Mon Feb 18 18:58:25 UTC 2019

On Monday, 2019-02-18 17:31:41 +0000, Daniel Stone wrote:
> Hi all,
> A few people have noted that Mesa's GitLab CI is just too slow, and
> not usable in day-to-day development, which is a massive shame.

Agreed :/

> 
> I looked into it a bit this morning, and also discussed it with Emil,
> though nothing in this is speaking for him.
> 
> Taking one of the last runs as representative (nothing in it looks
> like an outlier to me, and 7min to build RadeonSI seems entirely
> reasonable):
> https://gitlab.freedesktop.org/mesa/mesa/pipelines/19692/builds
> 
> This run executed 24 jobs, which is beyond the limit of our CI
> parallelism. As documented on
> https://www.freedesktop.org/wiki/Infrastructure/ we have 14 concurrent
> job slots (each with roughly 4 vCPUs). Those 24 jobs cumulatively took
> 177 minutes of execution time, taking 120 minutes for the end-to-end
> pipeline.
> 
> 177 minutes of runtime is too long for the runners we have now: if it
> perfectly occupies all our runners it will take over 12 minutes, which
> means that even if no-one else was using the runners, they could
> execute 5 Mesa builds per hour at full occupancy. Unfortunately,
> VirGL, Wayland/Weston, libinput, X.Org, IGT, GStreamer,
> NetworkManager/ModemManager, Bolt, Poppler, etc, would all probably
> have something to say about that.
> 
> When the runners aren't occupied and there's less contention for jobs,
> it looks quite good:
> https://gitlab.freedesktop.org/anholt/mesa/pipelines/19621/builds
> 
> This run 'only' took 20.5 minutes to execute, but then again, 3
> pipelines per hour isn't that great either.
> 
> Two hours of end-to-end pipeline time is also obviously far too long.
> Amongst other things, it practically precludes pre-merge CI: by the
> time your build has finished, someone will have pushed to the tree, so
> you need to start again.

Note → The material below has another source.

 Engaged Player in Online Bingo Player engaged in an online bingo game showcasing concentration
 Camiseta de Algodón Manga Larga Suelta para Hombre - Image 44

Even if we serialised it through a bot, that
> would limit us to pushing 12 changesets per day, which seems too low.
> 
> I'm currently talking to two different hosts to try to get more
> sponsored time for CI runners. Those are both on hold this week due to
> travel / personal circumstances, but I'll hopefully find out more next
> week. Eric E filed an issue
> (https://gitlab.freedesktop.org/freedesktop/freedesktop/issues/120) to
> enable ccache cache but I don't see myself having the time to do it
> before next month.

Just to chime in to this point, I also have an MR to enable ccache per
runner, which with our static runners setup is not much worse than the
shared cache:
https://gitlab.freedesktop.org/mesa/mesa/merge_requests/240

>From my cursory testing, this should already cut the compilations by
80-90% :)

> 
> In the meantime, it would be great to see how we could reduce the
> number of jobs Mesa runs for each pipeline. Given we're already
> exceeding the limits of parallelism, having so many independent jobs
> isn't reducing the end-to-end pipeline time, but instead just
> duplicating effort required to fetch and check out sources, cache (in
> the future), start the container, run meson or ./configure, and build
> any common files.
> 
> I'm taking it as a given that at least three separate builds are
> required: autotools, Meson, and SCons. Fair enough.
> 
> It's been suggested to me that SWR should remain separate, as it takes
> longer to build than the other drivers, and getting fast feedback is
> important, which is fair enough.
> 
> Suggestion #1: merge scons-swr into scons-llvm. scons-nollvm will
> already provide fast feedback on if we've broken the SCons build, and
> the rest is pretty uninteresting, so merging scons-swr into scons-llvm
> might help cut down on duplication.
> 
> Suggestion #2: merge the misc Gallium jobs together. Building
> gallium-radeonsi and gallium-st-other are both relatively quick. We
> could merge these into gallium-drivers-other for a very small increase
> in overall runtime for that job, and save ourselves probably about 10%
> of the overall build time here.
> 
> Suggestion #3: don't build so much LLVM in autotools. The Meson
> clover-llvm builds take half the time the autotools builds do. Perhaps
> we should only build one LLVM variant within autotools (to test the
> autotools LLVM selection still works), and then build all the rest
> only in Meson. That would be good for another 15-20% reduction in
> overall pipeline run time.
> 
> Suggestion #4 (if necessary): build SWR less frequently. Can we
> perhaps demote SWR to an 'only:' job which will only rebuild SWR if
> SWR itself or Gallium have changed? This would save a good chunk of
> runtime - again close to 10%.
> 
> Doing the above would reduce the run time fairly substantially, for
> what I can tell is no loss in functional coverage, and bring the
> parallelism to a mere 1.5x oversubscription of the whole
> organisation's available job slots, from the current 2x.
> 
> Any thoughts?

Your suggestions all sound good, although I can't speak for #1 and #2.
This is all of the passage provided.